Virilisme, domination, avilissement : ce que la pornographie dit du sexe [Questionner le porno #1]

Nous avons une admirable capacité à jouer les autruches quand il s’agit de sexualité. Nous savons que de jeunes adolescents consomment de plus en plus massivement la pornographie en ligne (au risque d’être choqués par ce qu’ils voient), mais on s’inquiète de voir 50 nuances de Grey seulement déconseillé aux moins de 12 ans. On adore croire que les plus jeunes sont parfaitement ignorants en matière de sexe, purs et innocents comme de petits agneaux qui viennent de naître.

Saviez vous qu’en six ans, l’humanité avait regardé l’équivalent de 1,2 millions d’années de vidéo pornographique ?

Nous sommes nombreu.ses.x à consommer de la pornographie, et rares à oser en parler. Il est plutôt confortable de faire comme elle n’existait pas, comme s’il s’agissait d’un monde obscur, séparé du reste de nos productions culturelles – et destiné à une petite minorité de frustrés. Pourtant, son influence est considérable, et si nous peinons souvent à l’identifier, c’est justement que les représentations du porno nous sont familières.

Je vous propose donc de réfléchir à la pornographie comme un objet culturel parmi d’autres. Elle énonce implicitement sa propre définition de ce qu’est le sexe. En effet, elle se présente comme la représentation filmée de la sexualité, destinée à montrer tout ce qui pourrait apparaître comme excitant. Le porno ne met pourtant en scène qu’une seule forme de rapports sexuels, basés sur la domination et une relative violence.
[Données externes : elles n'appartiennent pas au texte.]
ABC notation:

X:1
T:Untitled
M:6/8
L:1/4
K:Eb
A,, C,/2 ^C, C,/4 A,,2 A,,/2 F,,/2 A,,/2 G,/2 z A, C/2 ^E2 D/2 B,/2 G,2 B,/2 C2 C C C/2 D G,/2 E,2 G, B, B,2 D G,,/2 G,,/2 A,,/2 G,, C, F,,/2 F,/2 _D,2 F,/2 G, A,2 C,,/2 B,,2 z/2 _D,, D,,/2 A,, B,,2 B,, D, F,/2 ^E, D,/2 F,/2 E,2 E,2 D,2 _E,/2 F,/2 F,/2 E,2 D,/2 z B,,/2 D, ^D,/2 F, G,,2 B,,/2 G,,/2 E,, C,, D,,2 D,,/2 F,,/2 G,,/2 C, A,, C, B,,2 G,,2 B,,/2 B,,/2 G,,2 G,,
Ce faisant, la pornographie tend donc à renforcer des représentations sexistes de la sexualité, que l’on retrouve ensuite dans les discours dominants comme dans le reste des productions culturelles.
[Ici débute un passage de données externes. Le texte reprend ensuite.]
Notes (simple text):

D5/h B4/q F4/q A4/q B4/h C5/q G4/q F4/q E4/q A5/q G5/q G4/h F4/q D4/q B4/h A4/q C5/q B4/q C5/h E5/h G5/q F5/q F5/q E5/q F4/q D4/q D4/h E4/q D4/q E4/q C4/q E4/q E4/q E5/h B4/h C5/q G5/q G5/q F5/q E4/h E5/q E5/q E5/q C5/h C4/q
Pour rédiger cet article, je me suis appuyée sur un documentaire d’Ovidie, réalisatrice féministe de films pornographiques, ainsi que sur une de ses interviews, mais aussi sur le travail d’universitaires spécialistes de la question, et d’une série d’articles journalistiques. Vous trouverez toutes mes sources en fin d’article.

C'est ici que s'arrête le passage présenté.